Ambas podem ser utilizadas em diversas situações, cabendo ao empresário decidir qual delas atenderá as necessidades da empresa.

Antes de tudo vamos definir cada uma delas.

BANCO DE HORAS:

Opera como um acúmulo de horas extras realizadas pelos colaboradores. E, por não serem recebidas no fechamento da folha de pagamento, elas ficam guardadas para uso posterior. Nesse caso, elas são utilizadas como folgas ou diminuição de horas trabalhadas em expedientes.

Dentro deste método, existem duas formas:

– Banco de horas aberto: no qual não existem datas definidas para uso das horas acumuladas;

– Banco de horas fechado: as datas predefinidas existem, com calendário limite para compensação em folgas ou diminuição de expedientes.

Cabe ressaltar que a regulamentação dessa alternativa aconteceu com a Lei 9.601/1998. A legislação define que essa é uma forma de pagamento de horas flexível. No entanto, antes da Reforma Trabalhista, ela deveria ser autorizada por convenção ou acordo coletivo.

A partir da mudança de 2017, o banco de horas se tornou fruto de acordo individual de trabalho. Com tudo, ficou acordado que a compensação tem de ser realizada dentro de um prazo de 6 meses. Apenas é possível exceder esse período se houver a autorização do sindicato da categoria profissional.

 As principais vantagens desta modalidade de compensação são a adaptação da mão de obra especificamente à demanda do trabalho e redução da rotatividade de funcionários, uma vez que além de disponibilizar funcionários somente quando houver trabalho a ser feito, você adequa o período de trabalho deles conforme a quantidade de serviço a ser realizado.

Por outro lado, a Contabilidade no ABC alerta que há sim a possibilidade de que este sistema ocasione processos trabalhistas, pois caso a compensação do banco de horas não seja realizada dentro de seis meses, o colaborador poderá acionar a Justiça do Trabalho contra a empresa.

Além disso, ainda existe a possibilidade de que este tipo de regime de compensação não atraia o perfil profissional que você almeja para sua empresa.

Já para os funcionários, as vantagens e caracterizam por:

– Liberdade para se ausentar por razões que não possuam relação com o trabalho;
– Menor risco de ser demitido.

O que sustenta as vantagens acima, é a flexibilidade que o banco de horas proporciona, uma vez que ao adotá-lo, o funcionário dispensa a obrigatoriedade de apresentar atestado médico, por exemplo. Além disso, por conta da maleabilidade de horários, a empresa raramente necessita realizar demissões quando a demanda diminui.
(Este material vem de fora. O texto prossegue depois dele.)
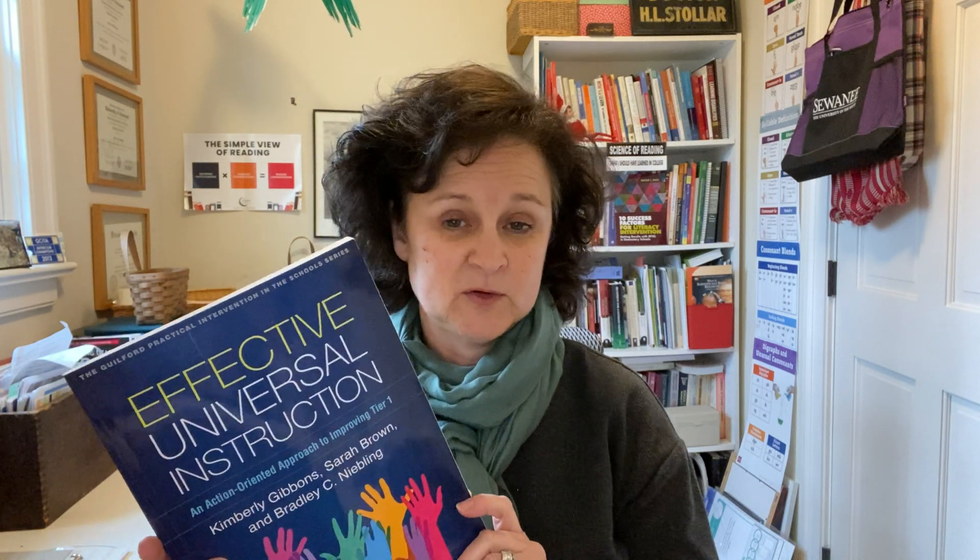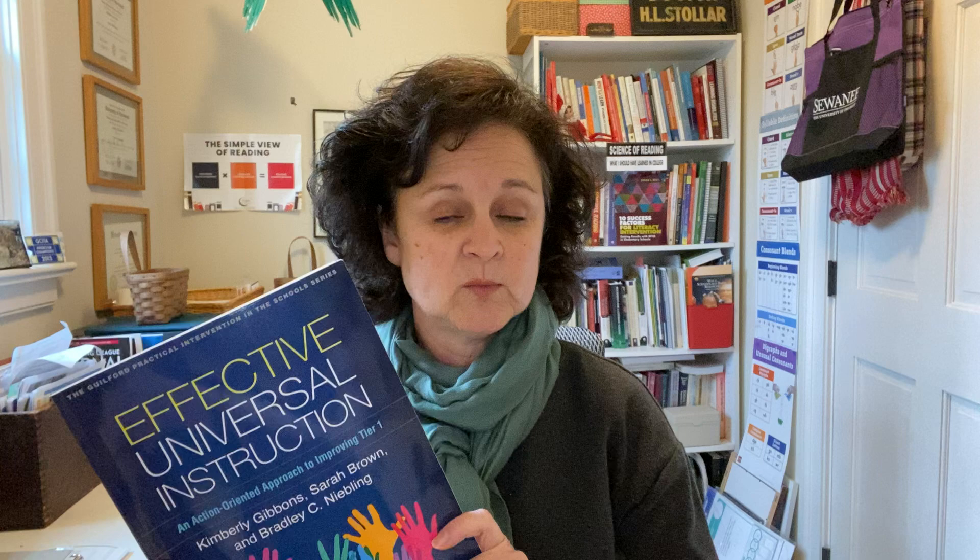If you're interested in Multi-Tiered Systems of Support — MTSS — I recommend Effective Universal Instruction. People always talk about how their Tier 1 instruction needs to be improved and they know they have too many students at risk, but they're not sure what to do about it. I really like this book because it's like a handbook — your building team can work through it cover to cover and develop action plans for improving your Tier 1 reading instruction. I think getting it right the first time in first reading instruction is the most important work we can do in schools.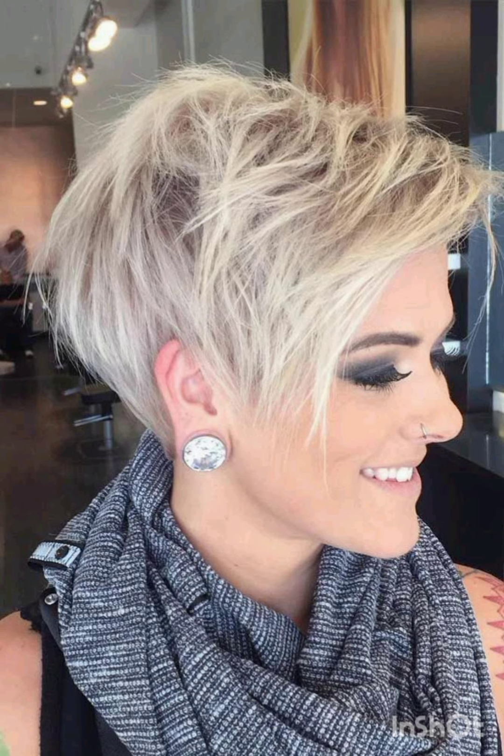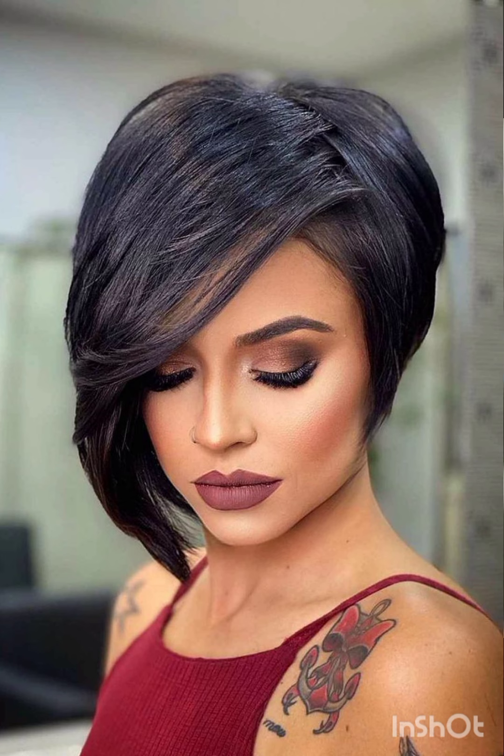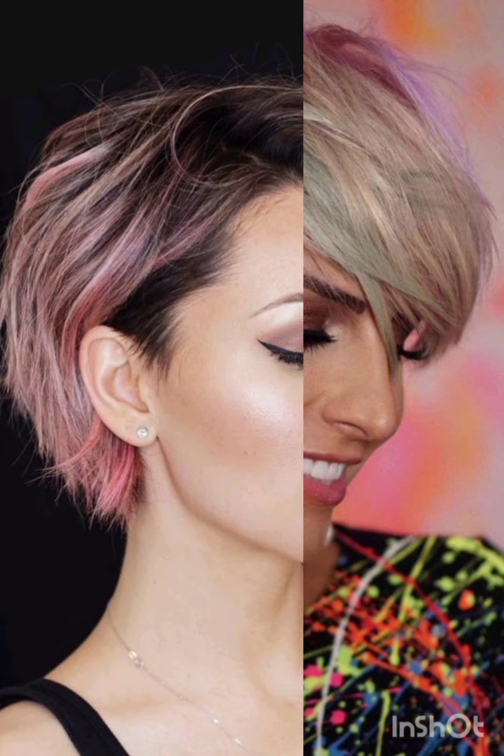How are you? I hope you are enjoying good health. Most welcome to my YouTube channel, Amazing Hair Cuts. In my videos, I am going to show you pixie cuts with accessories. A pixie cut is a short hairstyle that typically features shorter sides and back with slightly longer hair on top.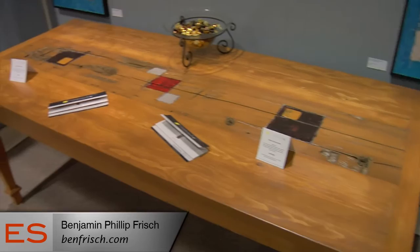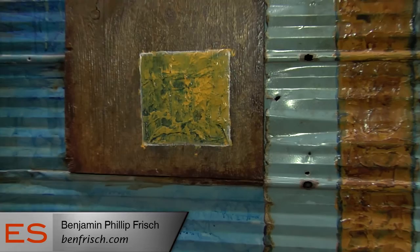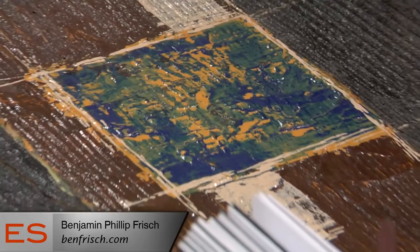A lot of my artwork is done on found materials, recycled materials, a lot of wood, metal, and just something that already has a lot of texture in it and a lot of history and story to it.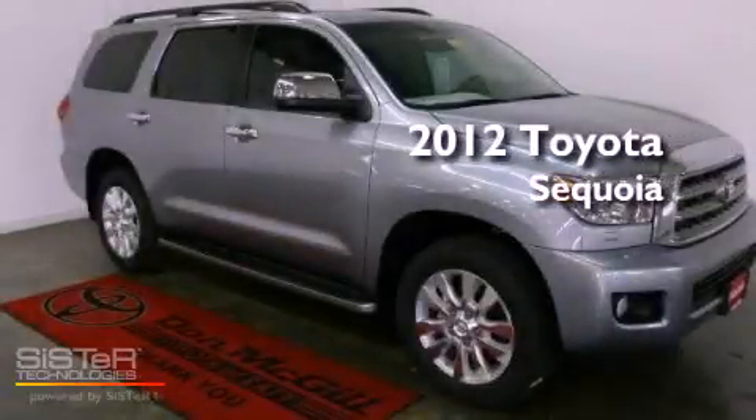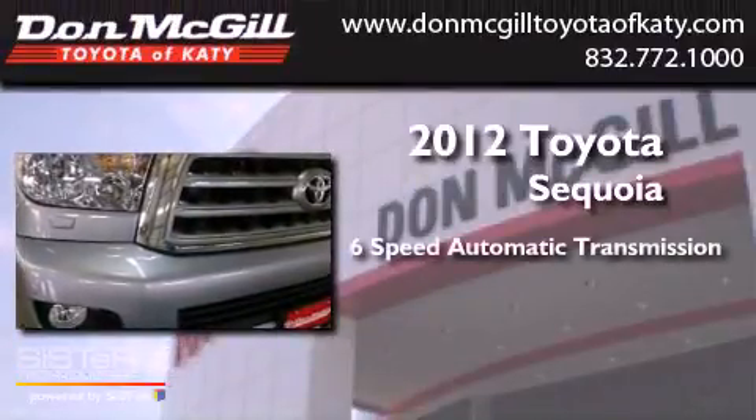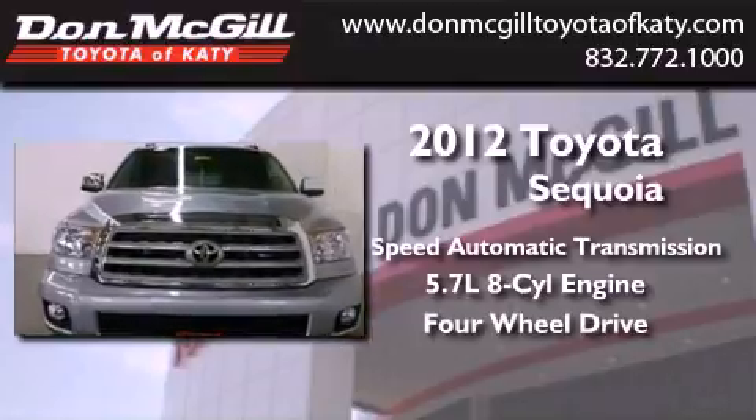This is a brand new 2012 Toyota Sequoia. This vehicle has seating for seven adults, a 5.7 liter V8, and the added capability of four-wheel drive.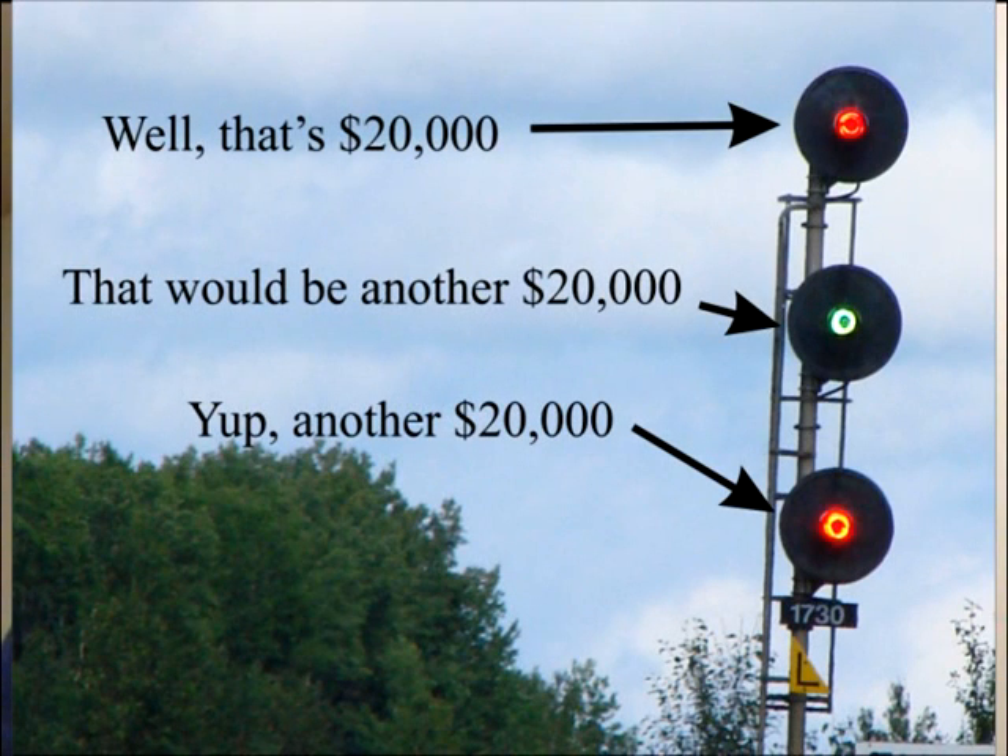Now the signal heads are atrociously expensive — some $20,000 or more. If you're lighting up 100 miles of track with CTC lights in both directions, with signals every two miles, it adds up in a hurry. That track for the most part is just straight, high-speed track with no switches or sidings.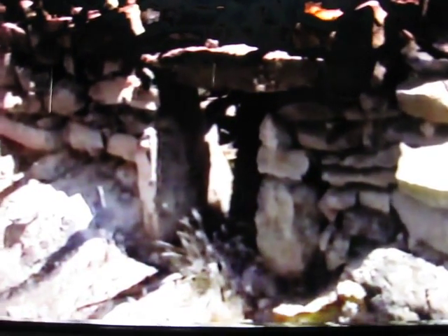Here's a view inside. A massive fireplace. Here's a picture from the inside, looking out the doorway.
Em contrapartida, com a adesão deste tipo de compensação, o funcionário perde a oportunidade de aumentar sua renda mensal e o 13º salário.

HORA EXTRA:

Esse é o modelo de funcionamento mais comum nas empresas nacionais. Logo, quando os colaboradores trabalham horas além do seu expediente ordinário, elas são recebidas imediatamente no próximo pagamento de acordo com o cálculo realizado sobre o contracheque. Assim, não há compensação em folgas, mas sim um acréscimo no salário referente àquele período.

Para as empresas, as vantagens desta modalidade de regime de compensação se evidenciam pela eliminação das chances de processos trabalhistas advindos de disparidades de compensações e atração de profissionais qualificados, mas que prezam pela questão financeira.

A maior desvantagem está relacionada ao impacto financeiro para a empresa, uma vez que se não houver um planejamento eficiente, em um mês com elevado número de horas extras, o caixa da empresa será afetado.

Já para os funcionários, o acréscimo ao 13º e a possibilidade de elevar seus ganhos mensais, são as principais vantagens deste modo de compensação pelo trabalho excedido. As desvantagens envolvem ter menos liberdade para se ausentar do trabalho em caso de alguma necessidade e eventual sobrecarga de trabalho.

Para definir qual é a melhor opção para sua empresa, você deve contar a assessoria da contabilidade no abc, esta irá levar em consideração o orçamento disponível no seu caixa, a rotina dos trabalho e colaboradores dentro da sua empresa e um controle das horas trabalhadas.

Ambos os recursos são excelentes alternativas, desde que se encontrem na realidade da sua companhia e que a escolha entre eles seja feita com parcimônia e inteligência.